SEE ALSO: Beckman Grilled on Why He Left
Richard Beckman is leaving Condé Nast to become CEO of e5 Global Media, the new owner and publisher of the Hollywood Reporter, Billboard and Adweek.
Beckman, longtime Condé executive and chairman of the publisher’s Fairchild fashion group, broke the news to Si Newhouse at 9 this morning, a source at the company said.
A successor for his slot has not been named. Beckman’s last day is Friday, a Condé Nast representative said. The news of Beckman’s imminent departure was first reported by the New York Post.
Last month, Nielsen announced it had reached an agreement with e5 Global Media Holdings — a newly formed company by James Finkelstein’s Pluribus Capital Management and Guggenheim Partners — to sell eight brands, including the Hollywood Reporter, Billboard, Adweek, Brandweek, Mediaweek and Backstage magazines, from its troubled Nielsen Business Media portfolio.
Financial terms of the deal were not disclosed, but according to one source, the price was said to be in the $70 million to $75 million range.
Beckman — who earned the nickname "Mad Dog" for his hard-charging management style — is leaving Condé Nast at a critical time. The mega-publisher had a brutal 2009, losing close to a billion dollars in ad revenue, shuttering some titles and laying off hundreds of employees in a dramatic cost-cutting effort engineered by the high-powered McKinsey consultancy.

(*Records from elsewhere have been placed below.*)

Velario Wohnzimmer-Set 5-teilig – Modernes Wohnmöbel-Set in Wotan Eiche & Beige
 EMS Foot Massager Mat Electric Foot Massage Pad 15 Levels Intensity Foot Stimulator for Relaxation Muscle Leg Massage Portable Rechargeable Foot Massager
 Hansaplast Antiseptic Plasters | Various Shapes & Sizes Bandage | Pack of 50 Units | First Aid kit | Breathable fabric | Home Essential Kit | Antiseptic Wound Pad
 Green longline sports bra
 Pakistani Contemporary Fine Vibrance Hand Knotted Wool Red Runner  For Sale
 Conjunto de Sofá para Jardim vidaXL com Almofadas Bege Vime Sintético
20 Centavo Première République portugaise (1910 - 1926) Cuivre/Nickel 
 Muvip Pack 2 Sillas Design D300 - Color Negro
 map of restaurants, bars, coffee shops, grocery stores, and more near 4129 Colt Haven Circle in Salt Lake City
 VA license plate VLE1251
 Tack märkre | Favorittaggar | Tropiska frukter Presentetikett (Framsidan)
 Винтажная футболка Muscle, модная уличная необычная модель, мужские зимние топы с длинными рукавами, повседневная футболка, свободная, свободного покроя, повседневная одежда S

Yet there are signs that 2010 could be a better year at 4 Times Square — even as the notoriously stubborn publisher is making concessions on the prices it charges for its ads.
Beckman’s tenure at Condé Nast was 24 years — but it could’ve been a lot shorter.
In 1999, Condé Nast agreed to a seven-figure out-of-court settlement to avoid a lawsuit against Beckman, then a publisher at Vogue.
Beckman "allegedly butted ad director Carol Matthews’ head into another female staffer’s at a sales meeting in an attempt to get the two to kiss — and broke Ms. Matthews’ nose," according to Ad Age.
"The dispute concerning the incident involving Richard Beckman and Carol Matthews has been resolved amicably and the terms of that resolution are confidential by agreement of all parties," Conde Nast said then in a statement to the New York Times. "Nevertheless, Richard Beckman acknowledges some inappropriate behavior on his part and is seeking counseling to address that issue."